- [Your instructions]: When writing out the entries below, keep only the lines from the line with "В Коркино восстановили" to the line with "Filtro de aire Ridex mod 8A0133 para Ford..", both included, exactly as they are, and leave the pictures aside.

- [Data]:
────────────────
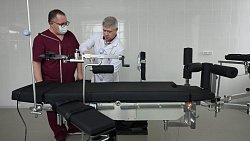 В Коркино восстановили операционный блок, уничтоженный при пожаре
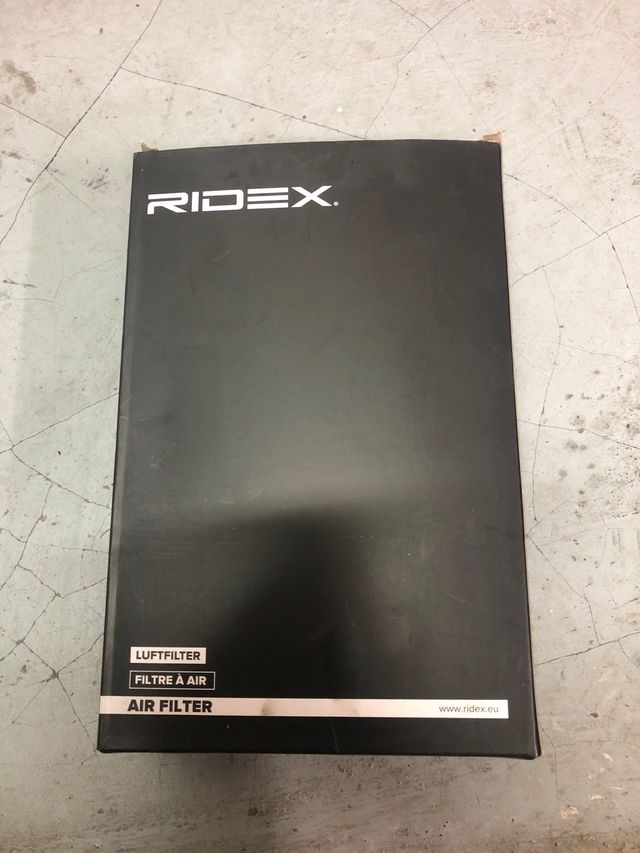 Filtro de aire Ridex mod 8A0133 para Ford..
────────────────
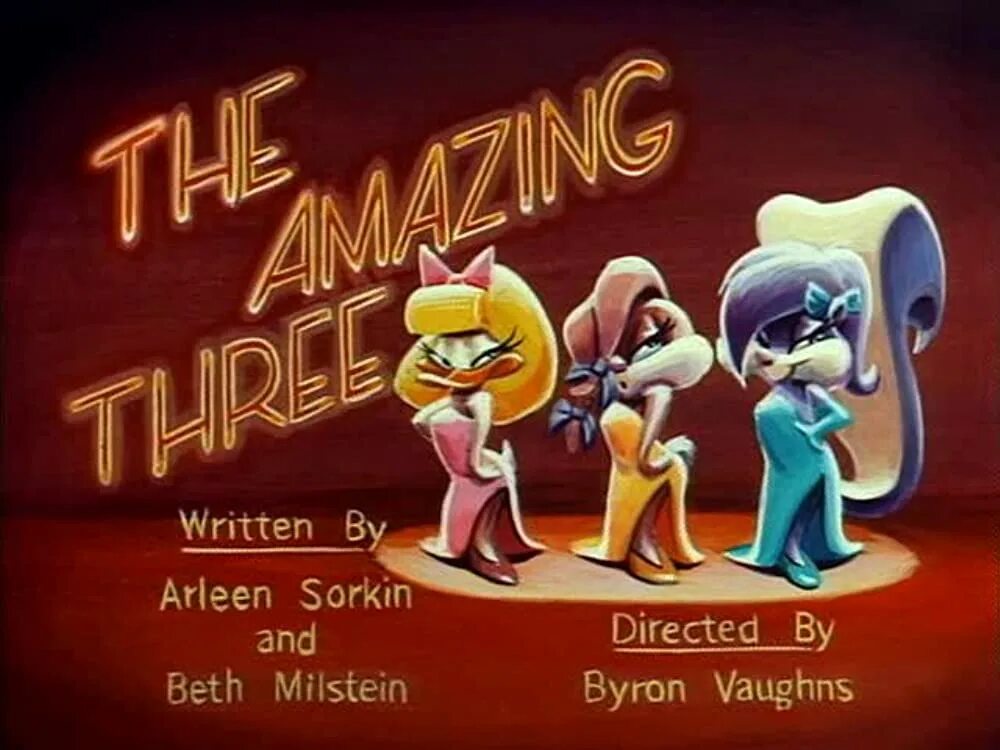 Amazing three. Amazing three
────────────────
- [Problem solution]:
 В Коркино восстановили операционный блок, уничтоженный при пожаре
 Filtro de aire Ridex mod 8A0133 para Ford..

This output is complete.